流通額は前年度比31%増、ユーザー数は48%増でした。両者の差は単価が下がったことによるですが、実は通常のユーザーの単価はそこまで下がっていません。18年6月にポイントプログラムの変更を行い、1回のセールで取得できるポイント数の上限を下げたことで、1人で多額の購入をするユーザーにとってのメリットが薄れた。商売としては健全に伸びていると思います。出品数についてはワウマに名称を変更した2年前と比較すると44 % 増、出店数は3.3倍となっており、店舗数は約1万5000。以前は「商品がない」とか「有名店が出店していない」という声がユーザーから出ていましたが、こうした部分はかなり解消できたのではないでしょうか。

――重視した施策は。

1つは管理ツールである「ワウマネージャー」。1年間で40以上の新機能を追加できました。複数の仮想モールに出している出店者がほとんどですが、これまでは「ワウマは面倒」「ワウマだけに手はかけられない」という声が多かった。こうした不満はほぼ解消できたと思います。ユーザー向けとしては、au利用者向け施策を強化しました。auユーザー購入数は、前期比80%増。特に直近は成長率が伸びています。サービスレベルとしては、インフラ強化や、最大15倍というポイント増量施策の定常化、ログイン周りのチューニング、表示速度改善など細かい部分まで手を入れています。auユーザー向けに実施した、仮想モール利用者の顧客満足度調査においても、競合モールに負けない数字になってきました。
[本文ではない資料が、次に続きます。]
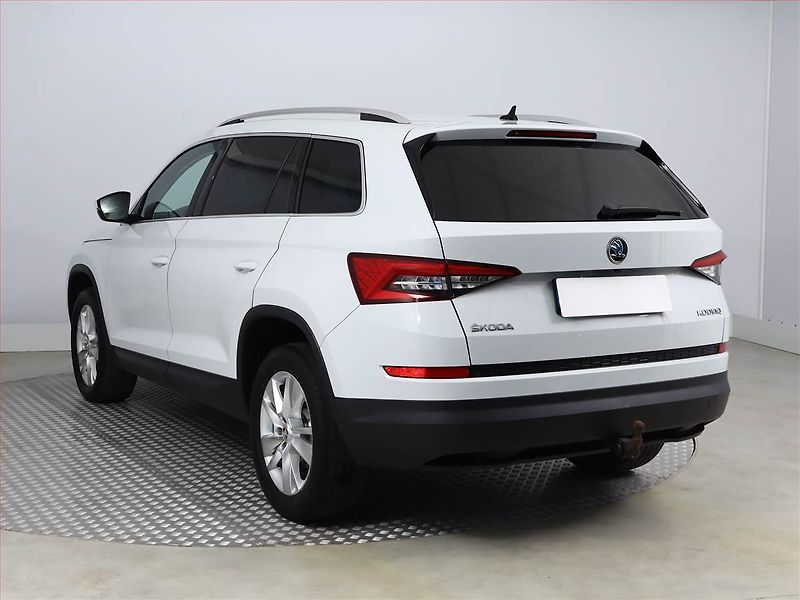 Škoda Kodiaq (2018) 2.0 TDI, Automat, Kůže, Navi - fotka 4 z 21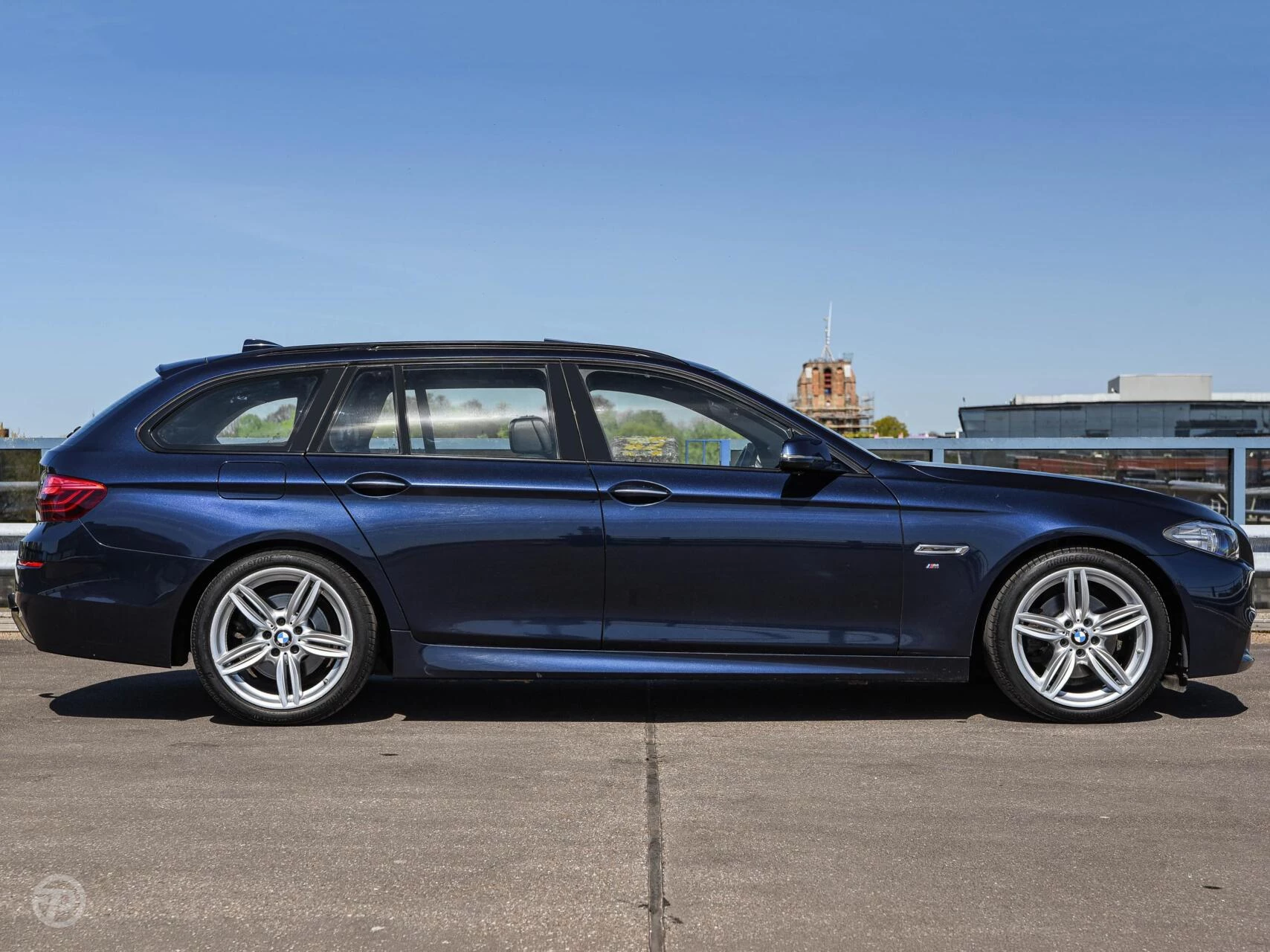 Hoofdafbeelding BMW 5 Serie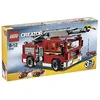 Image de LEGO - 6752 - Jeu de Construction - LEGO Creator - Le Camion des Pompiers en occasion ou reconditionné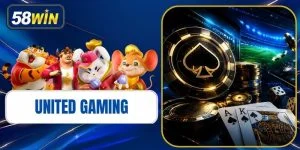United Gaming - Sảnh Cá Cược Thể Thao Đẳng Cấp, Uy Tín 2026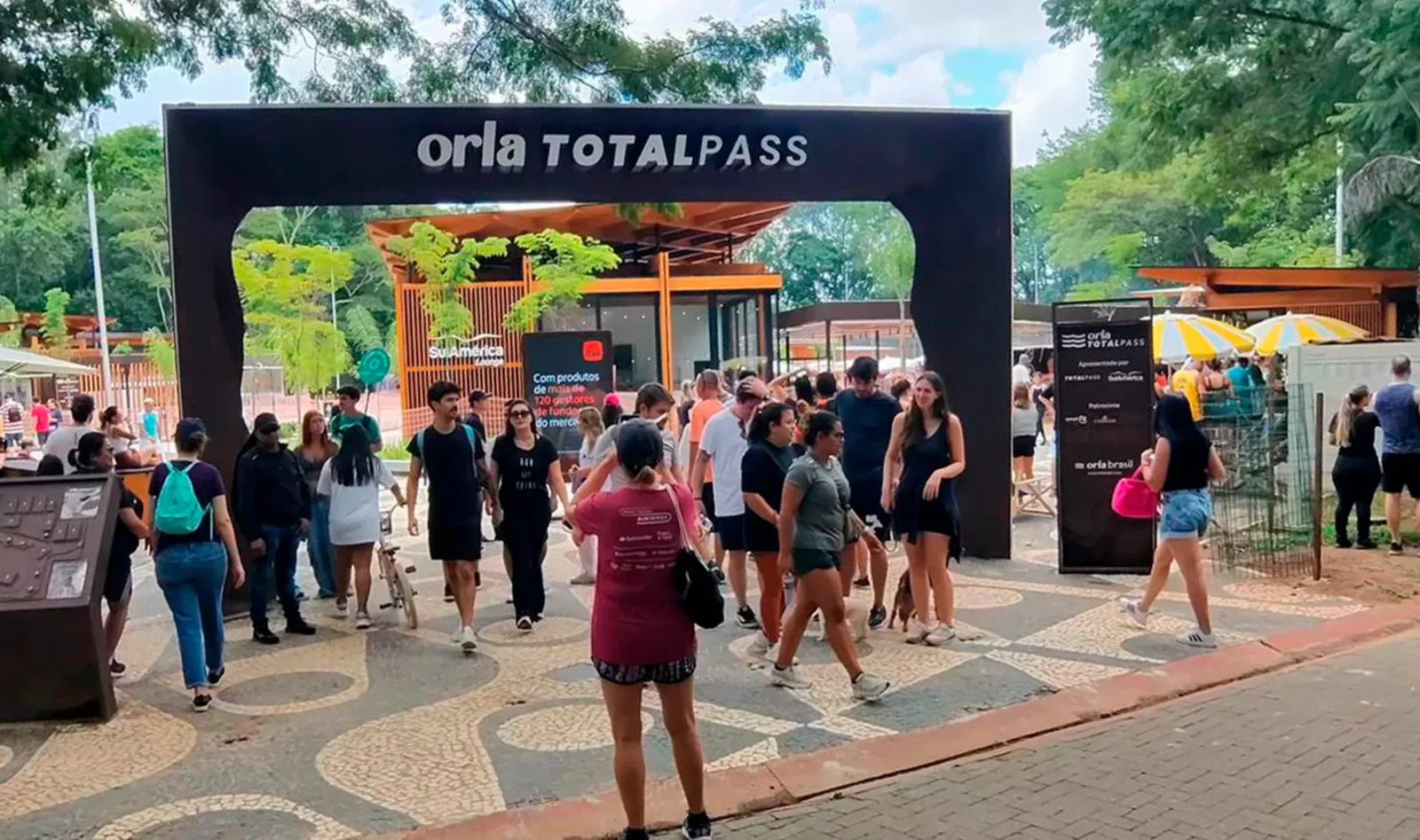 Parque Villa-Lobos recebe feirinha temática e aulão de Halloween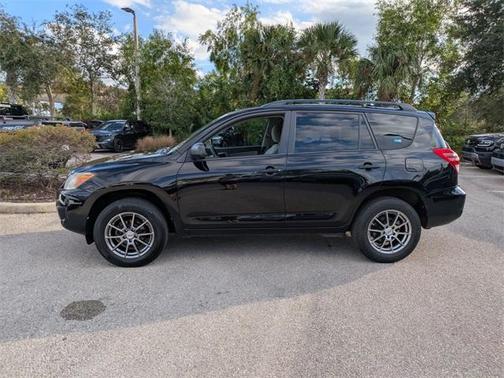 2012 Toyota RAV4 Base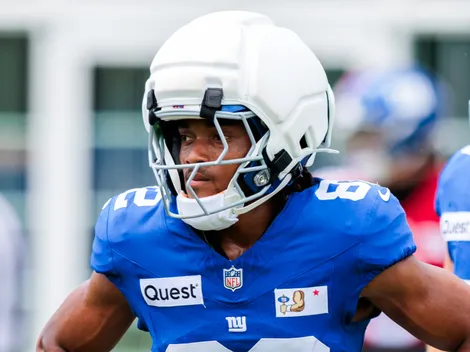 Calvin Austin reveals which Dart and Harbaugh traits made NY Giants priority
――ポイントキャンペーンの変更には効果がありましたか。

auウォレットクレジットカードを保有し、ワウマを定期的に利用するユーザーは最大15倍となるため、キャンペーン定常化以降、成長速度が一段引き上げる効果がありました。au利用者向け施策としては、auショップとの連携強化や、KDDIが無料会員制プログラム「auスター」会員に特典をプレゼントする「三太郎の日」とのタイアップ、さらにはワウマで買い物した金額の最大10%を、携帯電話の通信料金に還元するサービスも1月からスタートしています。通信料金引き下げは昨今の携帯電話業界の大きなテーマでもあり、新しいユーザーの開拓につながっている手応えがあります。

――19年度の施策は。

総務省から通信料引き下げの指導があり、さらには楽天が携帯キャリアとして新規参入するという、かつてない変化の年です。それに向けて、KDDIとしても「auは他キャリアでもIDを取得してサービスを利用できる」、つまりオープン化に踏み込みます。さらにはコード決済サービスとして「auペイ」も始まり、決済領域を拡大している。そこれワウマとして「変化を進化に」をテーマとして掲げます。その上で2社を統合する形で新会社を立ち上げた。社名にも『au』を取り入れています。これまで通り『通信のau』なら、そう名乗る必要はなかったわけです。auがオープンになることを前提にしたコマースとライフスタイル・ライフデザインを担う会社となります。

――ルクサではワウマとは違う商材も扱っています。

ルクサでは「コト系」商材が力強く伸びているので、物販以外の領域やエンターテイメントも含めて、会社としてもワウマとしても担っていきたいと思っています。一方、店舗からすると、これまでワウマと、ルクサの運営するコマースサービスである「auウォレットマーケット」に分散していたものが、1社に統合されることでしょう。顧客からは「分かりにくい」という声がありましたし、会社が別のため意思決定もしづらい面がありました。そこで、今後オープンになっていくauのコマース&ライフ領域はワウマに一本化することを打ち出していきます。店舗からすれば、非常に商売しやすい形になったのではないかと思います。「サービスルクサ」はターゲットがラグジュアリーな層であり、売り方がフラッシュセール中心、商材はコト系が多いので、そこは別サイトで大事に育てていきます。いずれは連携したいと思っていますが、ワウマとはあまりにも違うサービスなので、セグメントごとにうまく紹介していくような形を考えています。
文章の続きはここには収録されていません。